[Data for review]
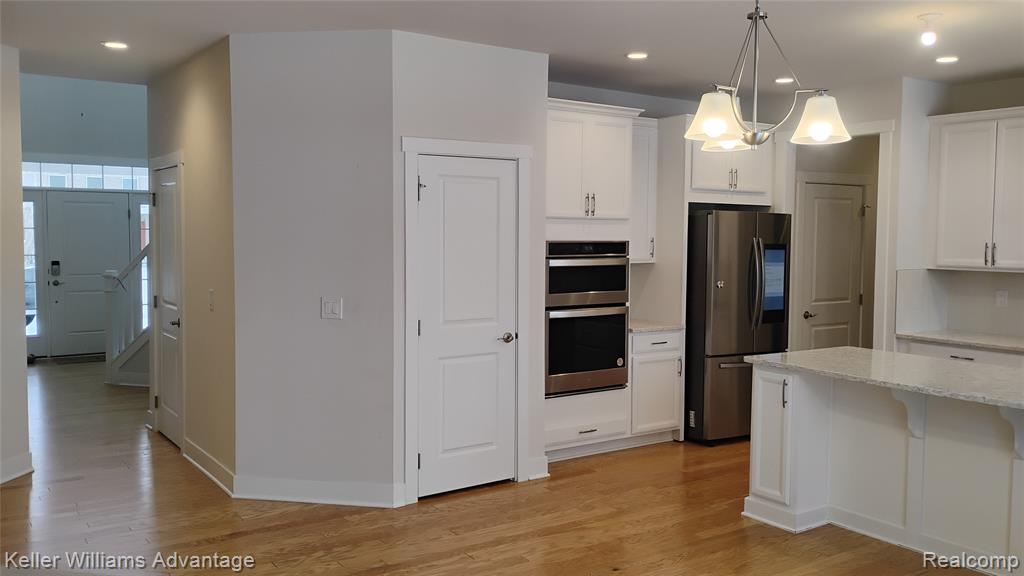 50654 Scarborough Road, Canton, MI 48188 — Photo 14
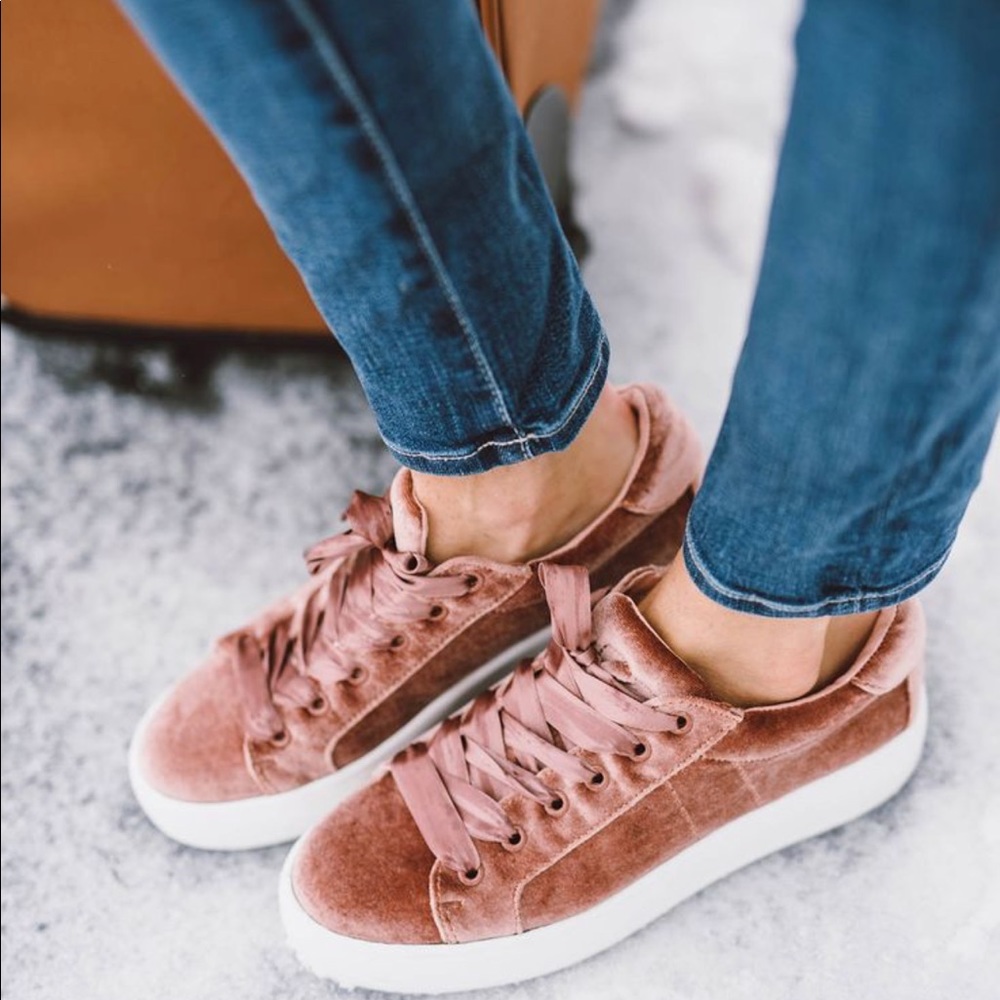 Steve Madden Bogart Velvet Platform Sneaker/Blush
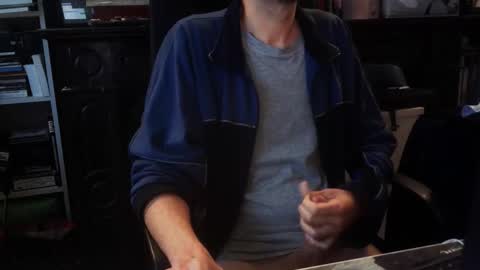 Snapshot of lestat_82 chatting on October 2025 04:28:01 PM Vampiro Diurno online show from October 2025 04:28:01 PM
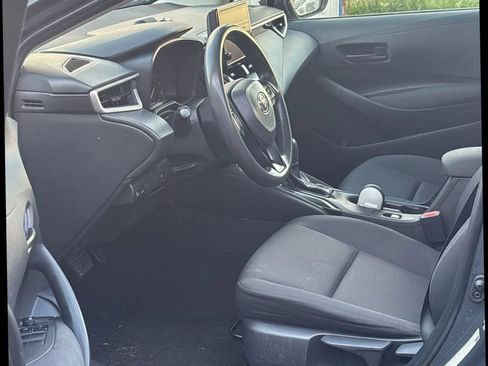 Used 2023 Toyota Corolla LE FWD image 11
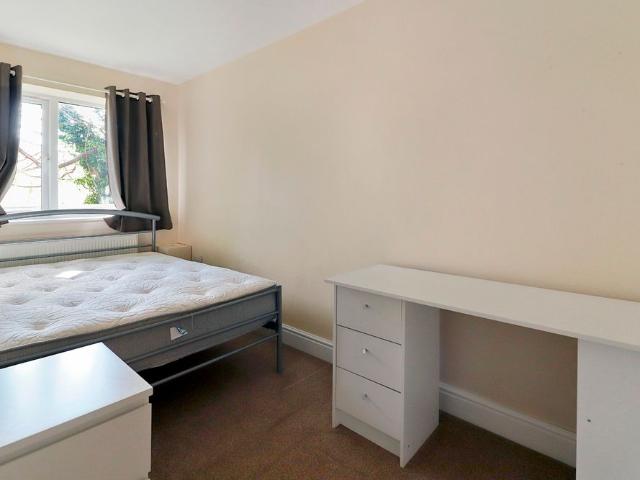 Room for rent in The Slade, Oxfordshire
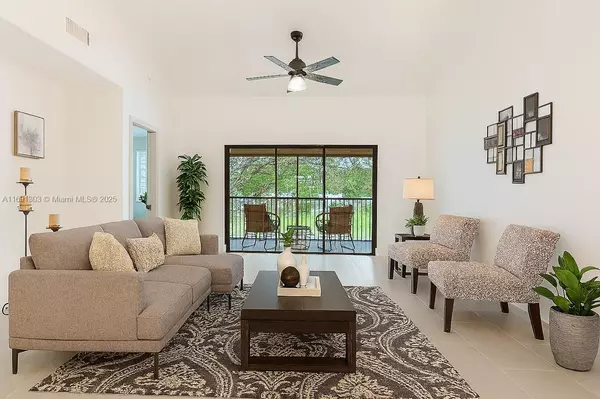 Deerfield Beach, FL 33442,406 Republic Ct #406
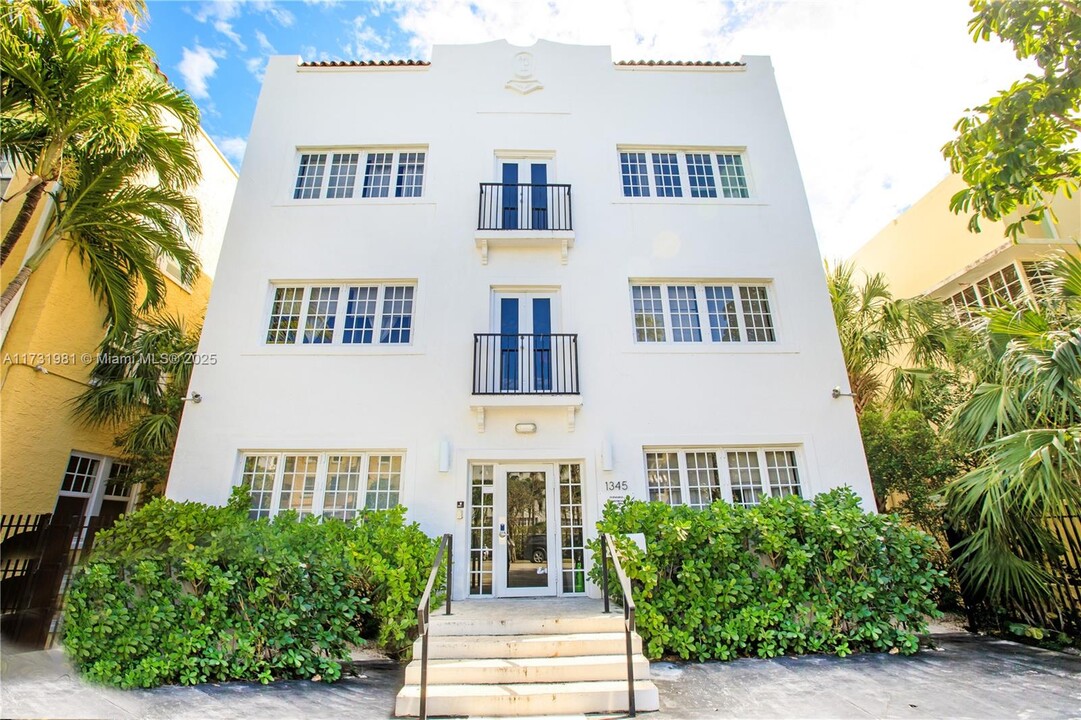 1345 Pennsylvania Ave in Miami Beach, FL - Building Photo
[/Data for review]
### What the task asks
Pictures are to be left out; the answer must otherwise be exactly the lines from the one with "Snapshot of lestat_82" through the final line of the entries above, both included.

### Written response
 Snapshot of lestat_82 chatting on October 2025 04:28:01 PM Vampiro Diurno online show from October 2025 04:28:01 PM
 Used 2023 Toyota Corolla LE FWD image 11
 Room for rent in The Slade, Oxfordshire
 Deerfield Beach, FL 33442,406 Republic Ct #406
 1345 Pennsylvania Ave in Miami Beach, FL - Building Photo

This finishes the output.